Ich tendiere eher dazu den Config teil manuell zu machen.

 *Quote:*   

> Dank jemand seiner Zeit und Antwort
> 
> // Benno

 

Bitteschön

 *Quote:*   

> *edit*
> 
> <rednose ehm="peinlich wenn man gleich posted und nicht mal den Eintrag zuvor list" />

 

Kein Prob, evtl. hängts Think4usr dort an.

----------

## Genone

 *Max Steel wrote:*   

> Soweit ich mich erinnere ist hierfür die USE-Variable build zuständig, ich kann es aber nicht genau sagen.

 

USE="build" ist was komplett anderes, und sollte niemals vom Benutzer gesetzt werden (wird intern für die Erstellung der Stage Tarballs benutzt). Es gibt kein automatisches Update des kompilierten Kernels (aus einer Vielzahl von Gründen).

----------

## Max Steel

Okay, vielen Dank für die Berichtigung.

----------

## schachti

 *Max Steel wrote:*   

> oder über das USE-Flag symlink auf dein Kernel, dies ist allerdings nicht empfohlen.

 

Wieso das nicht?
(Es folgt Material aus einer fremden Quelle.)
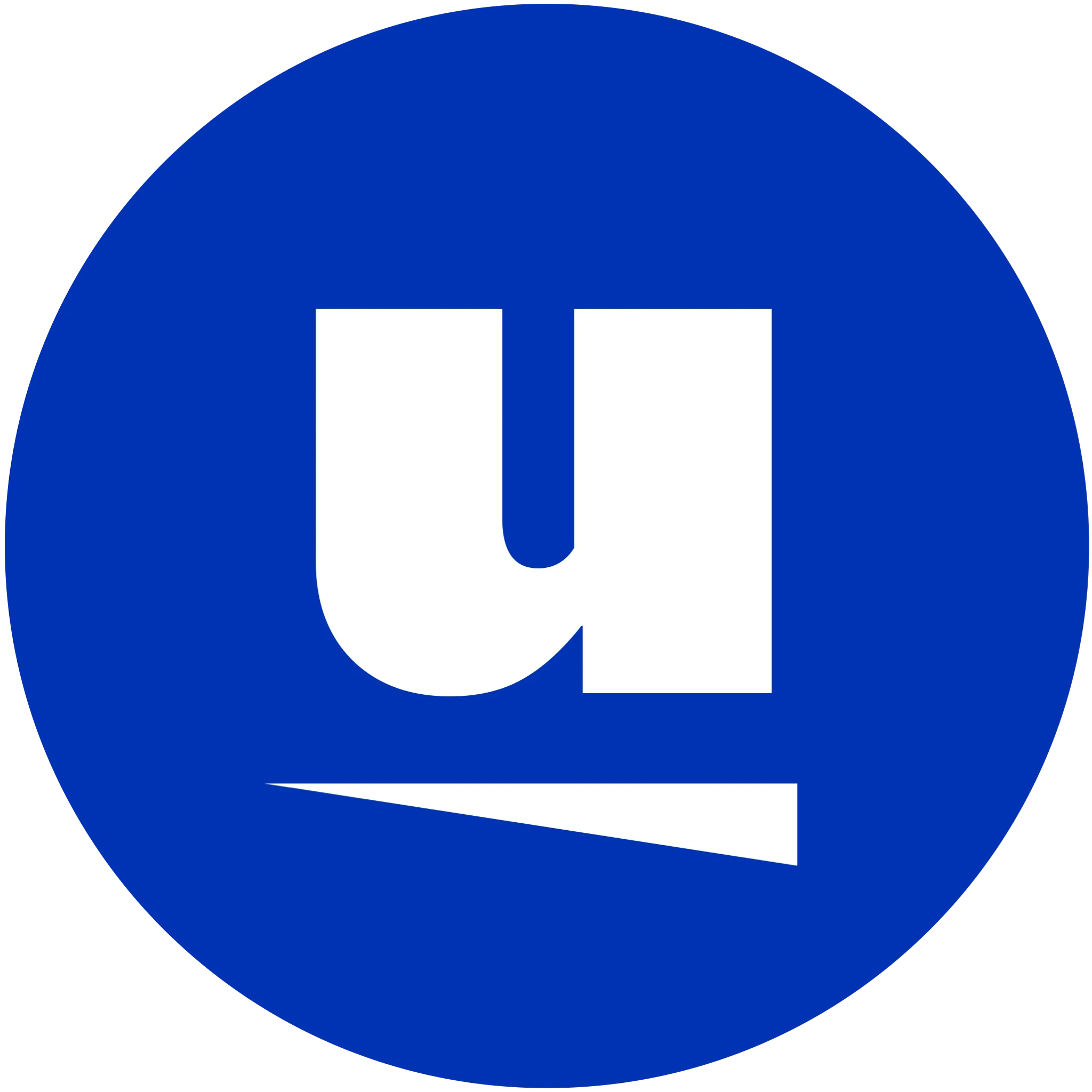 URITRIP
Soweit ich zurückdenken kann ist das Flag bei mir immer gesetzt gewesen und hat nie Probleme gemacht, ganz im Gegenteil...

----------

## think4urs11

 *Max Steel wrote:*   

> Kein Prob, evtl. hängts Think4usr dort an.

 

Wo ist denn dieses 'dort' von dem du sprichst?  :Wink: 

----------

## Max Steel

Las mich lügen, aber soweit ich mich errinerre meinte er dashier:

https://forums.gentoo.org/viewtopic-t-710234.html

 *schachti wrote:*   

>  *Max Steel wrote:*   oder über das USE-Flag symlink auf dein Kernel, dies ist allerdings nicht empfohlen. 
> 
> Wieso das nicht? Soweit ich zurückdenken kann ist das Flag bei mir immer gesetzt gewesen und hat nie Probleme gemacht, ganz im Gegenteil...

 

Das war meiner Errinerung nach so, falls ein Paket upgedatet wird das den Kernel als BuildDependency braucht (zb. udev oder dbus) dann sucht er nach einer .config und nach bestimmten Header-Dateien oder sowas die erst beim make erstellt werden.

evtl. braucht er diese Informationen um Funktionen je nach Kernelconfig ab oder zuzuschalten und dann fest einzubauen, denn bei einem neubau des Kernels muss man diese Pakete nicht mitneubauen.

Irgendwie sowas war das, soweit ich weiß, kann mich aber auch irren.

Wenn man dabei nicht schnellgenug ist, mit diesem symlink-USEflag bricht der Emerge ab, und das will man eigentlich nicht wenn man nicht zuhause ist.

----------